Show HN: I rebuilt the only parts of my IDE I use, in Rust, over a weekend (github.com)
28 points by kyle-ssg 4 hours ago
I don't know Rust.
Friday after work I realised that 90% of my IDE time now is just the commit/diff view — and even good IDEs feel heavy for that.
So over the weekend I built a dedicated native tool for just that. Kyde is a macOS git commit + diff editor with one goal: be fast, do Git well.
I'm curious whether anyone else mostly opens their IDE for git operations these days.
It's open source, and there's a signed app in Releases.
satvikpendem 4 minutes ago
This is basically what the agentic apps do already right? Like Codex, Claude Desktop, Copilot etc. Except with those I can also write commands to the AI as well as review their output all in one app rather than multiple.
spiralcoaster 7 minutes ago
Actual title: I had Claude code up a diff tool in Rust over the weekend
My guess is this made it to the front page solely from the Rust boost.
asadm 3 minutes ago
> I had Claude code up
What's the difference?
asadm 13 minutes ago
This is amazing and I will use this! Does it support git submodules? I like how VSCode divides changes into buckets across all git repos in current workspace, I can commit each separately from one sidebar.
tiesp 3 hours ago
UI looks great
kyle-ssg 3 hours ago
Oh thanks that's made my day haha!
smt88 an hour ago
The primary value of IDEs in the agentic era are: debugging, code review (with good diffing), and management of the agent’s context. I also use mine for browsing databases, but not everyone does that.
You seem to have one of those three.
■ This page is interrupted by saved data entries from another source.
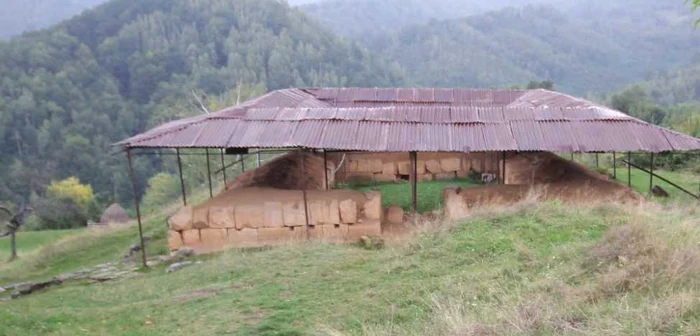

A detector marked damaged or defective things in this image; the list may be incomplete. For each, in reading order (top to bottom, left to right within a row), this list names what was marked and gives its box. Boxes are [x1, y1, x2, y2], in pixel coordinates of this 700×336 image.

rusty corrugated roof [117, 88, 700, 154]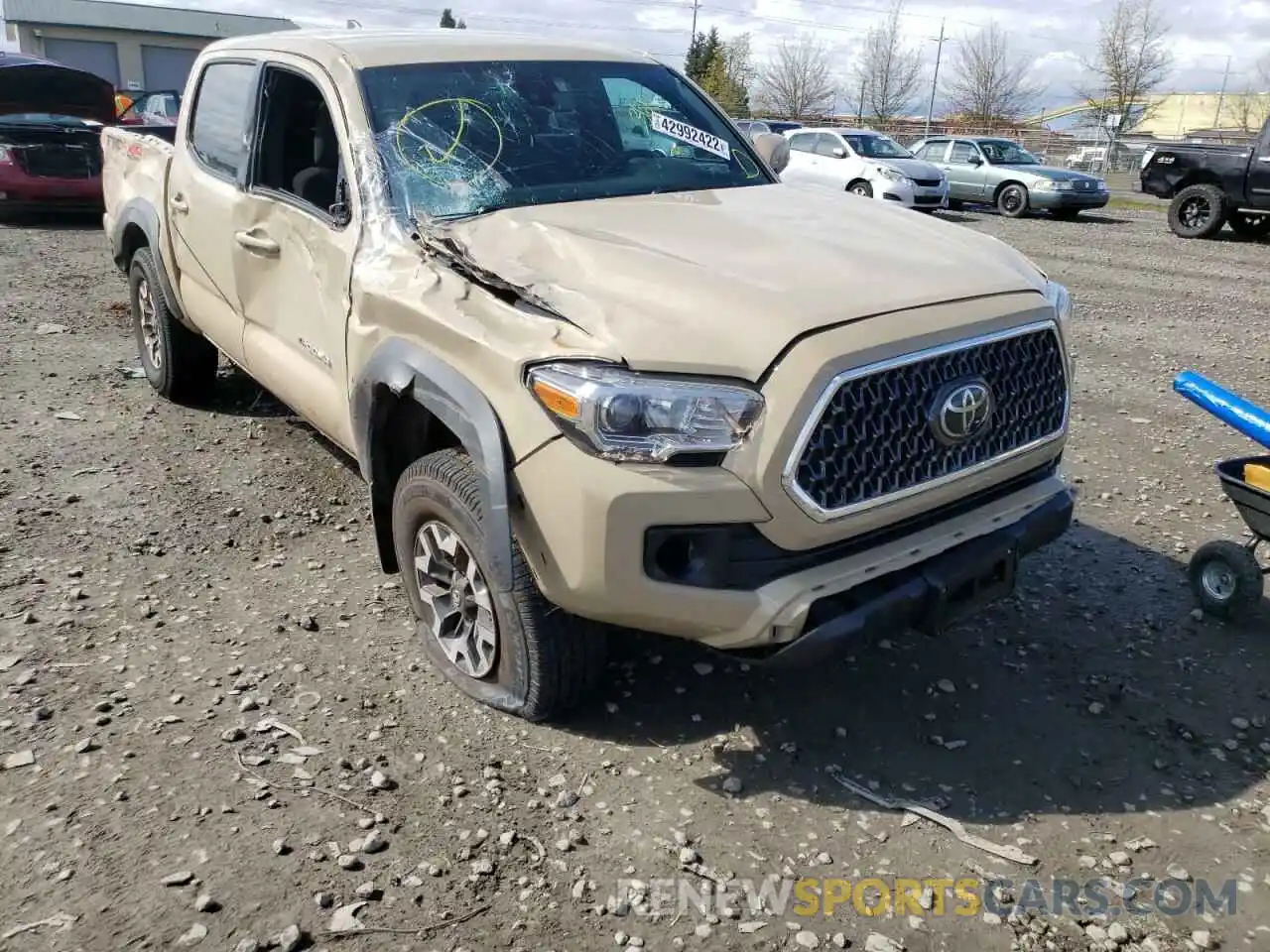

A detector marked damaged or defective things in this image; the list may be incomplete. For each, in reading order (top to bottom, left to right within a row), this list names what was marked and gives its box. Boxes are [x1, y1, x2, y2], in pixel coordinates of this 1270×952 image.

crushed hood [0, 54, 116, 125]
cracked windshield [363, 60, 767, 222]
crushed hood [442, 182, 1046, 381]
I’m not sure what your coding background is, but debuggers/profilers are incredibly useful and important, and it’s essentially malpractice for a developer never to use them.
xtracto 2 minutes ago
>but debuggers/profilers are incredibly useful and important, and it’s essentially malpractice for a developer never to use them.
Just wait for the moment you need to write code for an embedded platform that doesn't have a debugging mechanism.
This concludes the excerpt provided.